Idem pour le supérieur Switchblade sisters (1975), du même Jack Hill. Le film fait lui aussi penser à une transposition déviante d’une série télé, un Happy days « dégénéré ». Ça commence même à la Scorpio rising : une ado avec casquette de biker s’étudie devant le miroir de sa coiffeuse, puis aiguise son cran d’arrêt (= switchblade)… Suivent les distractions d’une bande de copines acoquinées avec un gang masculin. Graine de violence option pattes d’eph’ 70’s, le film annonce aussi les excès de la délinquance californienne dernier cri de Colors ou Boyz’n the hood… Décrivant les conflits externes et internes de ce groupe de lycéennes enragées, le cinéaste accumule les pires situations : baston en prison, viols, prostitution lycéenne, tueries, guérilla urbaine, etc. Mais le hic avec Hill, c’est que les pires exactions passent comme des lettres à la poste tant elles sont présentées sans pathos, avec un ton boy-scout, des couleurs pimpantes. Tout y est désamorcé par l’humour. Une fille fait la pute dans les WC du lycée, maquée par un membre du gang, qui plaisante avec un client en le traitant d’Einstein… On n’est même pas surpris quand la délinquance adolescente glisse sur la pente politico-féministe. Leurs mecs ayant été décimés lors d’une fusillade, les filles s’associent à une milice de femmes blacks maos. Discours féministes, portraits et citations du Grand Timonier à la clé ! Mais si les films de Hill manient des concepts qui semblent leur échapper, le cinéaste n’est pas un simple héraut de la contre-culture illustrant bêtement les pulsions libertaires de son temps. Il sait se montrer élégant, comme dans le beau duel final à l’arme blanche entre l’héroïne et sa rivale, montré en ombres chinoises.
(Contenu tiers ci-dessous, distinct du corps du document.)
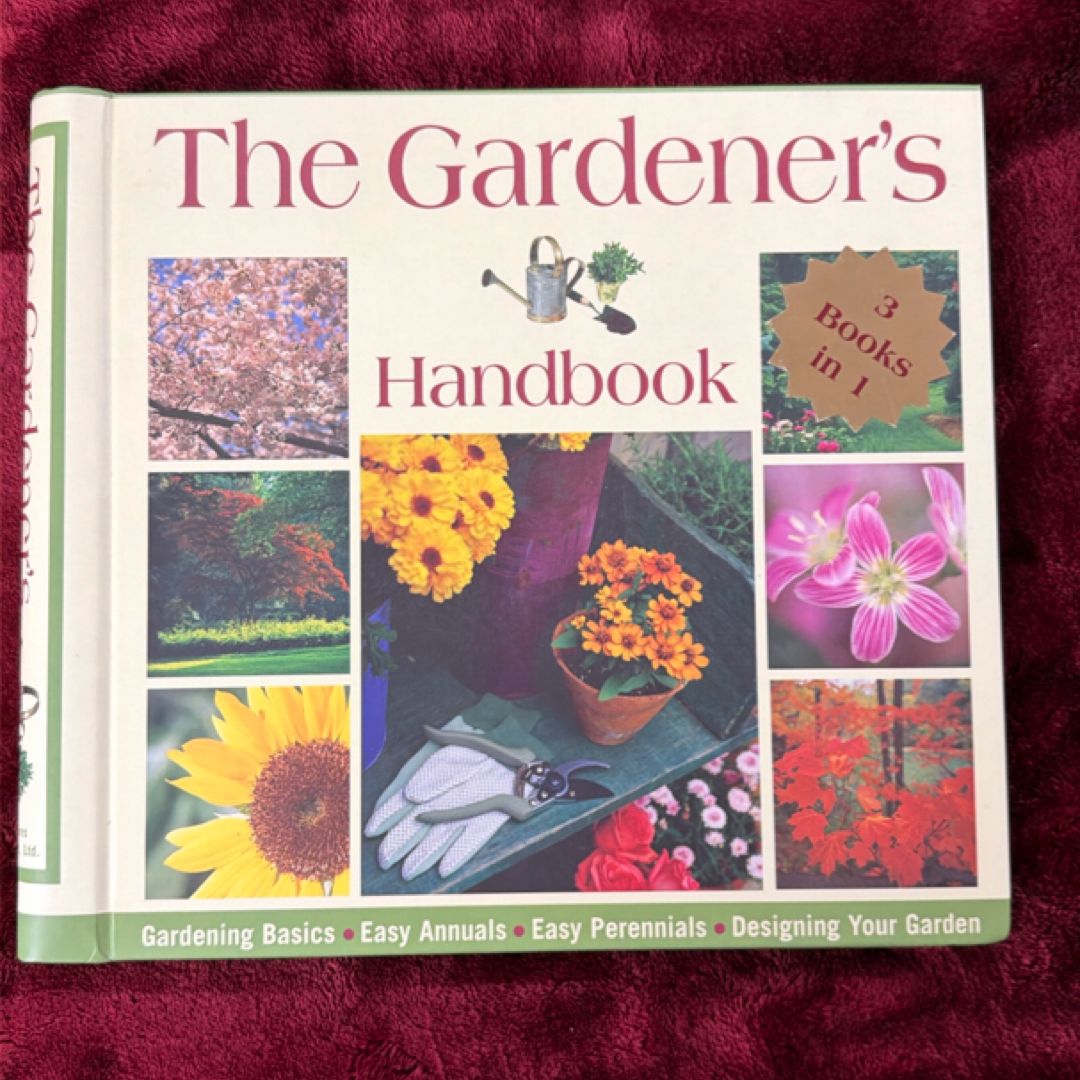 The Gardener's Handbook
On verra un autre film à résonance politique dans cette section : Les Abysses (1962) de Nico Papatakis, inspiré du fait divers criminel dont Genet a tiré Les Bonnes. Et enfin, cerise sur le gâteau, un long métrage inédit de Lars von Trier, Médée (1988). Absent de sa filmographie officielle, le film fut tourné pour la télévision danoise d’après un scénario de Carl Dreyer. Une adaptation de la tragédie d’Euripide que Dreyer n’eut pas le temps de réaliser. Devenu à son tour la figure de proue du cinéma danois, von Trier a repris naturellement le flambeau du maître tutélaire, mais sans réellement en partager les préoccupations religieuses… Il en résulte un film d’une pureté impressionnante, plus proche de Bergman regard impitoyable sur les rapports humains et de Tarkovski travail plastique sur la matière, les éléments, la nature que de Dreyer. Mais au diable les références, ce qui frappe avant tout, c’est la façon magistrale dont le cinéaste s’approprie ce mythe grec sur la mater dolorosa méditerranéenne incarnée par Médée et en fait un archaïque conte viking, baigné dans l’humidité, les brumes du Nord et battu par les vents. Un drame d’une grande force abstraite, où les intérieurs sont figurés par des caves moyenâgeuses éclairées à la torche et les extérieurs par des paysages immenses et nus… Economie de moyens, austérité impressionnante, transcendées par la sophistication du filmage : splendides plans d’hélico suivant la course folle de Jason à cheval dans la prairie où il découvre ses enfants pendus par Médée (son ex-femme désespérée par l’ostracisme dont elle est l’objet), plongées verticales où Jason se débat dans des herbes agitées d’un souffle incessant qui les fait ressembler soit à des algues, soit à une toison animale. Enchaînés à leur destin imparable, les héros tragiques deviennent des fourmis aveugles s’agitant dans un univers surdimensionné. Evidemment, on peut chipoter, estimer que tout cela est un brin trop graphique, trop esthète, et manque un peu de chair, mais la beauté du film reste irréfutable.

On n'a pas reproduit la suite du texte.